Without a doubt, Baklava, is one of my favorite desserts (if not my most favorite dessert) but it is something that I have only made once or twice in my life. I have always thought it to be too time consuming and fiddly to bother with … but not this one, this one was pretty quick to make as I cheated by buying ready made Filo (phyllo dough).
Before National Baklava day, which is in November, I am determined that I will attempt a non cheat version of this sweet sticky dessert by making my own Filo pastry.
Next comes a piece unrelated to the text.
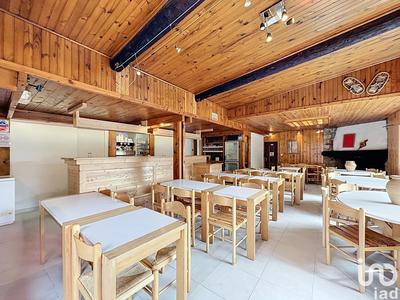 Local commercial - 161 m²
I will keep you posted how I get on.
I only tend to buy or eat baklava when I visit Turkey or Greece, because those that I have eaten elsewhere have always seemed to fall short in either taste or texture – in my opinion anyway. A massive 950 tons of baklava is made every day in Turkey and the average person living there eats 4.4 kilos of the stuff every year. I think that I may move to Turkey!
This Baklava is as good as many of those that I have eaten abroad. It has a good ratio of pastry to filling and the syrup that it is seeped in is not overly sweet. It still had crunch but was soft and very, very sticky inside. I made this batch with pistachios and walnuts as those are what I had to hand at the time and I used a mixture of sugar syrup, honey and lemon juice to drizzle over the pastry, so as not to end up with a syrup that was too sickly sweet! I think it turned out well – I hope, if you try it, you will agree with me.
Lastly, before I go, whilst doing a little research into Baklava I discovered that it is said to be Hitlers favorite dessert. I hope that you will not hold this against this rich, sweet pastry!